Without any pictures, retype exactly the lines from the one with "We're going to" through the final line of the records.

*** Provided data ***

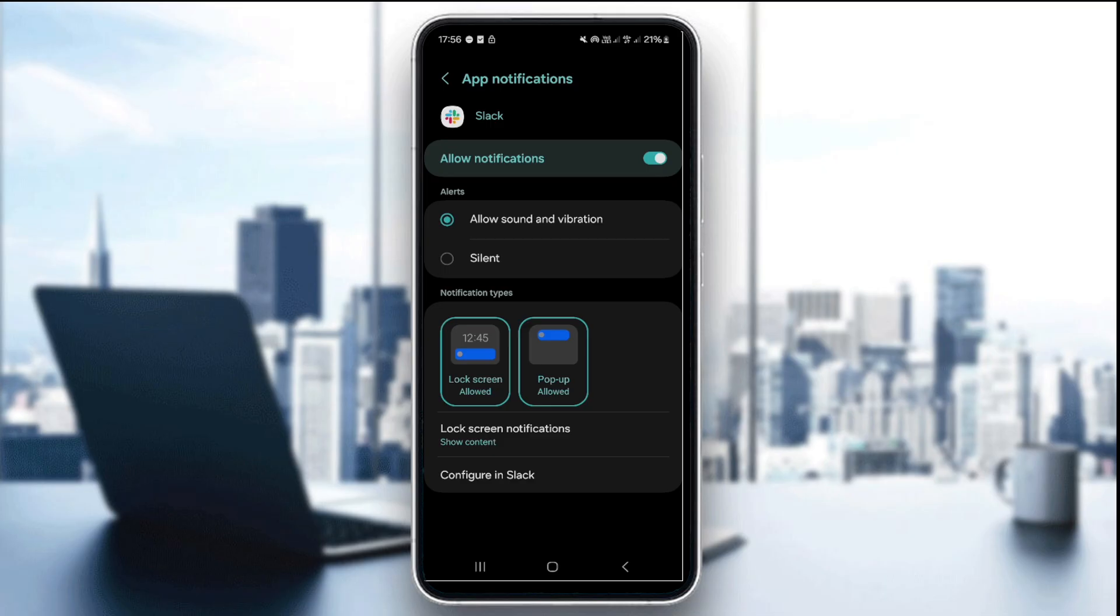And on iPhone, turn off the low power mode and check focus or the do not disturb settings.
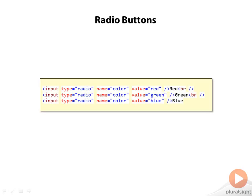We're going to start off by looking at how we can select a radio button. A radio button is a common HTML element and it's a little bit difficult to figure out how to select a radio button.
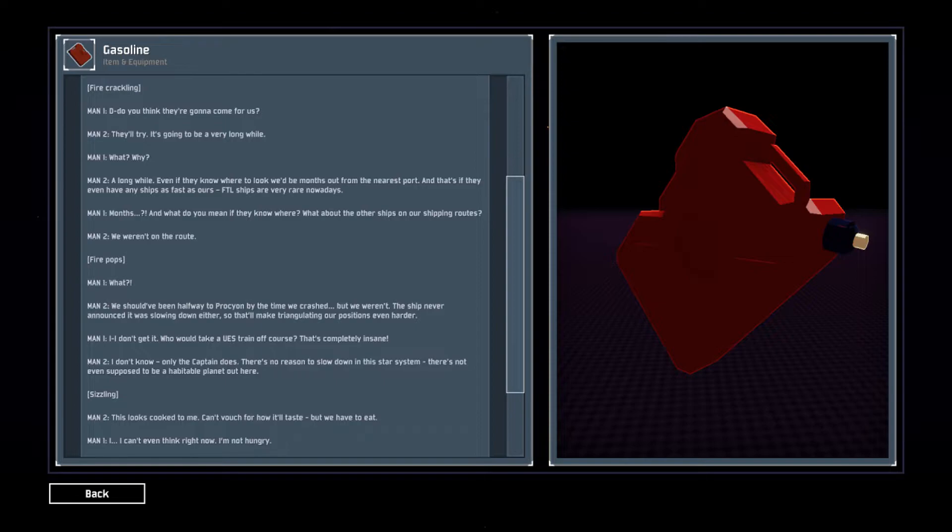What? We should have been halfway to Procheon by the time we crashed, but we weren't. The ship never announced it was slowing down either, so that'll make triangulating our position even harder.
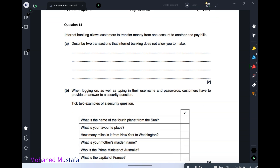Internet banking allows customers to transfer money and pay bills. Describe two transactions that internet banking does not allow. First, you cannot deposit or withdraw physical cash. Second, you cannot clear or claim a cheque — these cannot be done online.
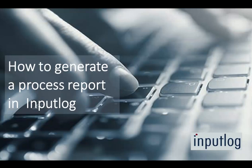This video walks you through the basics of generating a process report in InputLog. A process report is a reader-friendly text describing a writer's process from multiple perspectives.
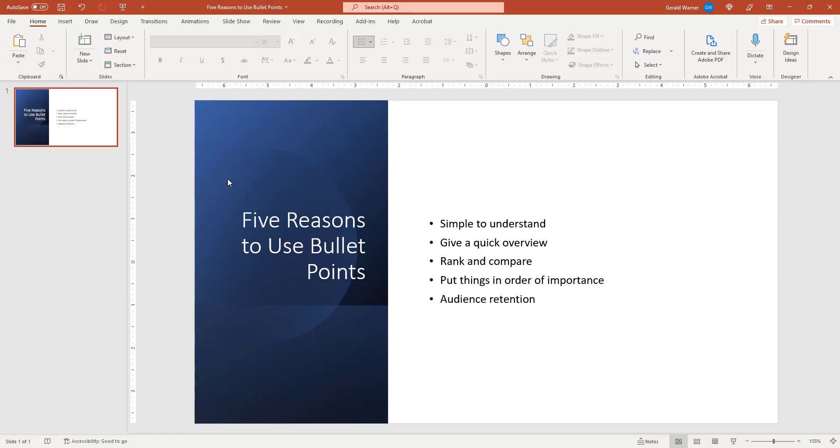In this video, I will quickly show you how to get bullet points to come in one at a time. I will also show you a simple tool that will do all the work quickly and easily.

*** End of Provided data ***

Exercise response
We're going to start off by looking at how we can select a radio button. A radio button is a common HTML element and it's a little bit difficult to figure out how to select a radio button.
What? We should have been halfway to Procheon by the time we crashed, but we weren't. The ship never announced it was slowing down either, so that'll make triangulating our position even harder.
Internet banking allows customers to transfer money and pay bills. Describe two transactions that internet banking does not allow. First, you cannot deposit or withdraw physical cash. Second, you cannot clear or claim a cheque — these cannot be done online.
This video walks you through the basics of generating a process report in InputLog. A process report is a reader-friendly text describing a writer's process from multiple perspectives.
In this video, I will quickly show you how to get bullet points to come in one at a time. I will also show you a simple tool that will do all the work quickly and easily.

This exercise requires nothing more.